Given material.
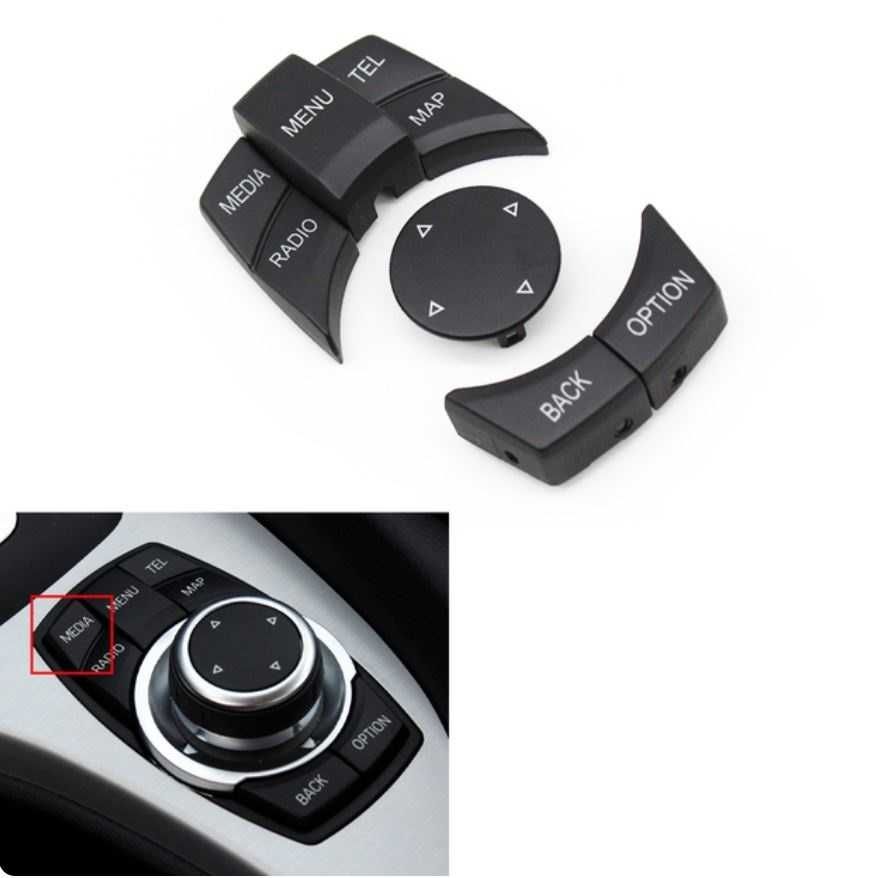 Butoane iDrive BMW X1 X5 X6 E81 E82 E90 E91 E60 E63 E84 E89 E70 E71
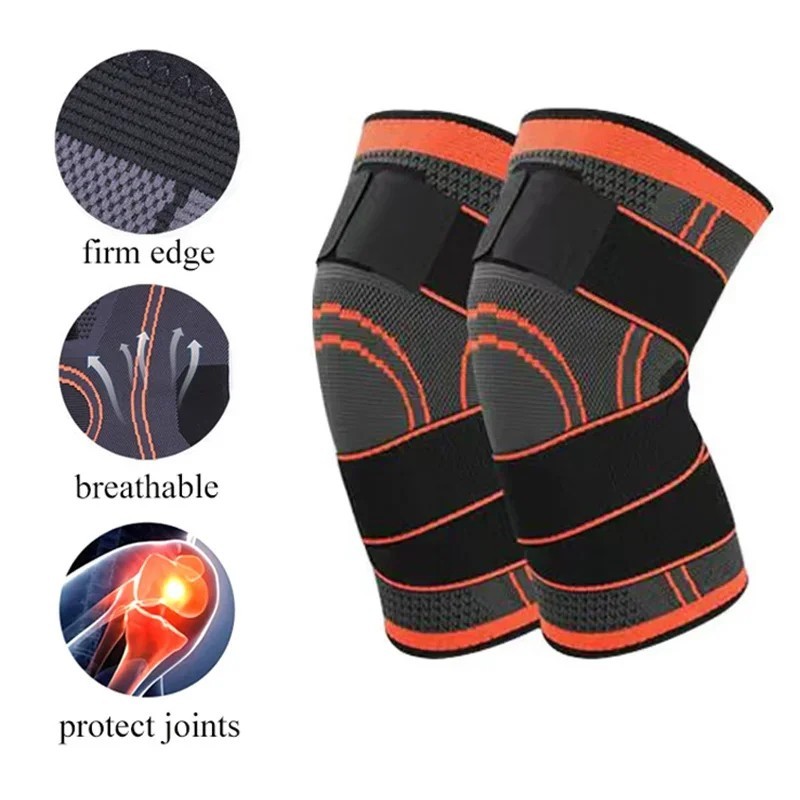 Adjustable Knee Brace Support Patella Stabilizer Sports Running Hiking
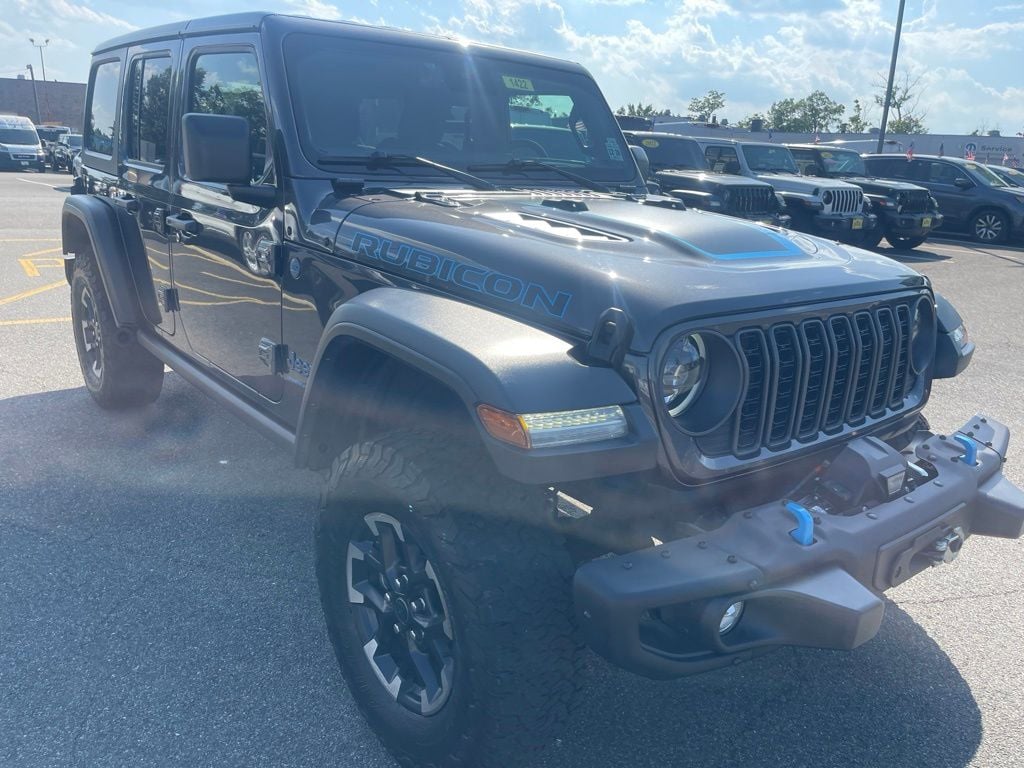 2024 Jeep Wrangler 4xe Rubicon 4XE's photo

What you have to do. The whole listing should be reproduced exactly. Images don't go in.

Result of the task.
 Butoane iDrive BMW X1 X5 X6 E81 E82 E90 E91 E60 E63 E84 E89 E70 E71
 Adjustable Knee Brace Support Patella Stabilizer Sports Running Hiking
 2024 Jeep Wrangler 4xe Rubicon 4XE's photo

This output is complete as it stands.